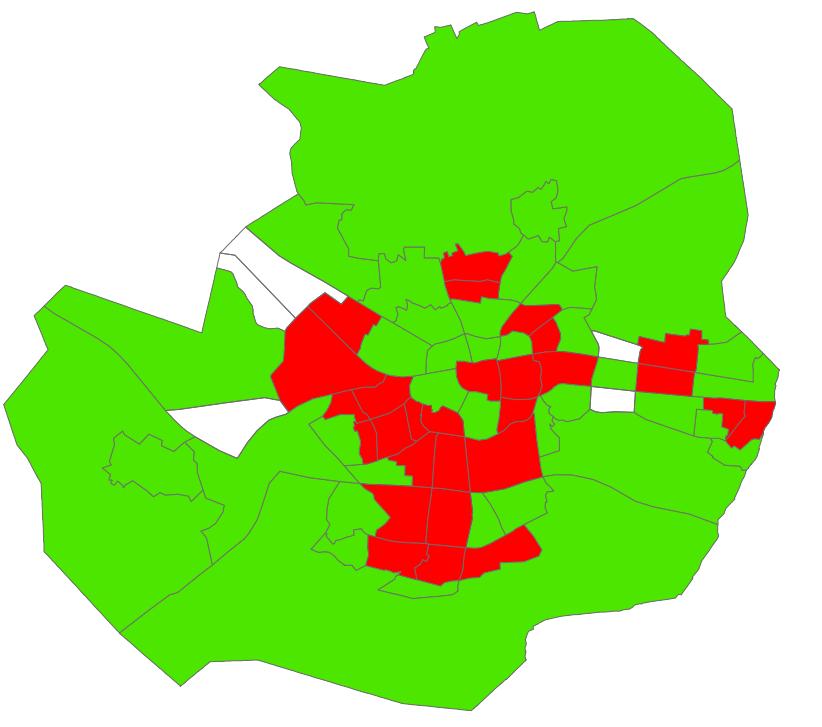 Op onderstaande kaart staat per buurt aangegeven of de leefbaarheid hoger (groen) of lager (rood) dan het Nederlands gemiddelde is.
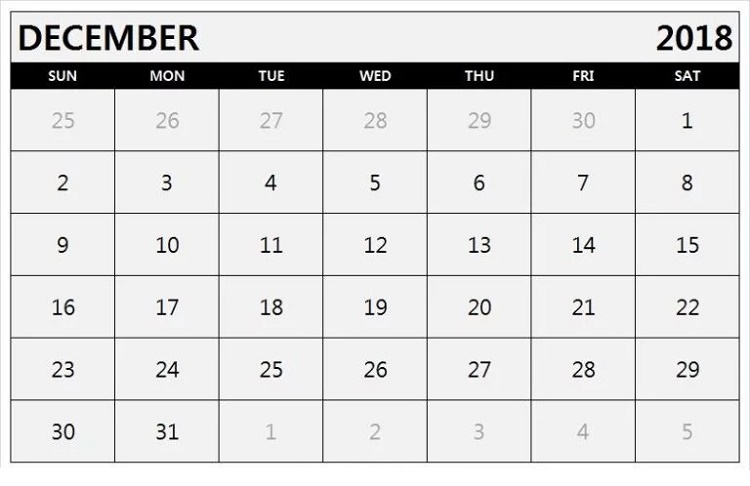 2018 Calendar Fillable December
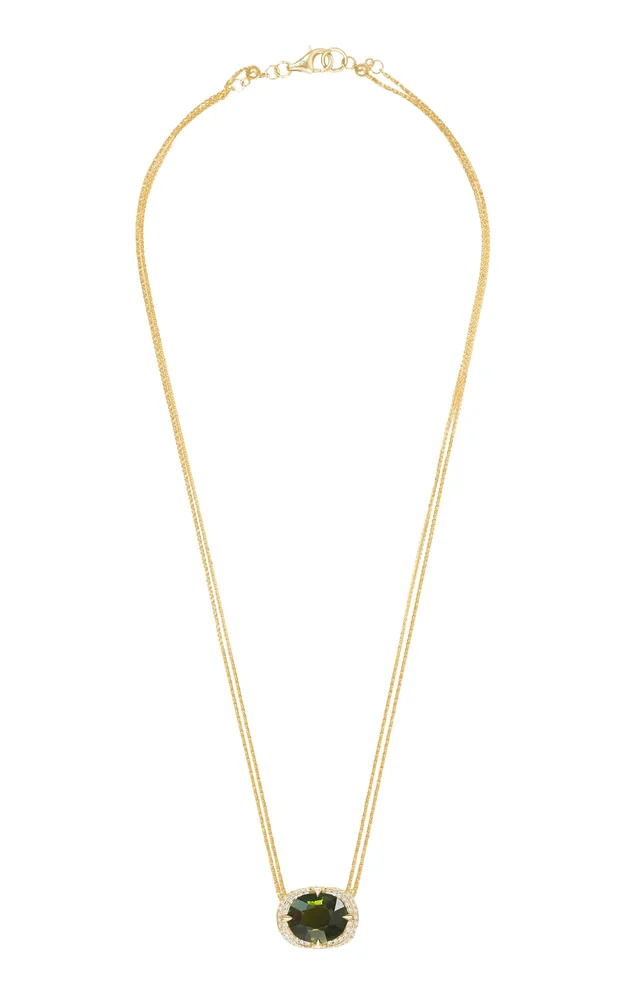 18K Yellow Gold Tourmaline And Diamond Necklace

....

DIRECTIONS FOR THIS TASK:
In the copy, include no pictures; restate the listing above exactly.

TASK SOLUTION:
 Op onderstaande kaart staat per buurt aangegeven of de leefbaarheid hoger (groen) of lager (rood) dan het Nederlands gemiddelde is.
 2018 Calendar Fillable December
 18K Yellow Gold Tourmaline And Diamond Necklace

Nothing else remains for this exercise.